Physical characteristics
- • location: Farallones de Cali
- • location: Buenaventura Bay, Pacific Ocean
- • coordinates: 3°32′00″N 76°52′03″W﻿ / ﻿3.53333°N 76.86750°W
- Length: 100 km (62 mi)

= Anchicayá River =

River in Colombia

The Anchicayá River in western Colombia has its headwaters in the Farallones de Cali and flows northwest into the Pacific Ocean at Buenaventura Bay. This watershed is known for its excellent biodiversity, especially with birds, amphibians and butterflies.
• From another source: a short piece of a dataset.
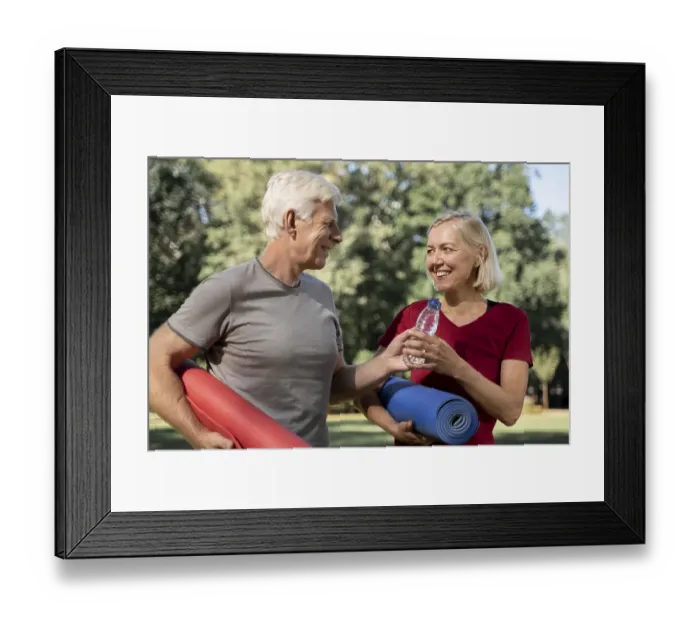 Framed Print : Smiley older couple outdoors with yoga mats water bottle Framed Print : Smiley older couple outdoors with yoga mats water bottle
It is famous for being one of the best birdwatching areas in the Neotropics. Steven Hilty studied the birds of this area in the 1970s while gathering data for the Guide to the Birds of Colombia, which was published in 1986. There is a hydroelectric dam on the upper part of the river near the town of El Danubio. For many years this area was unsafe because of the presence of armed groups such as the FARC, but within the past few years the Army has developed a large presence in the area.

Access is best from the town of El Queremal on the Old Cali-Buenaventura Road. It is roughly 45 km from El Queremal to El Danubio, where the entrance to the area is located. The road is paved for the first 10 km. The trip takes normally two to three hours and is best with a 4WD vehicle. Access to the area is easy with public transport.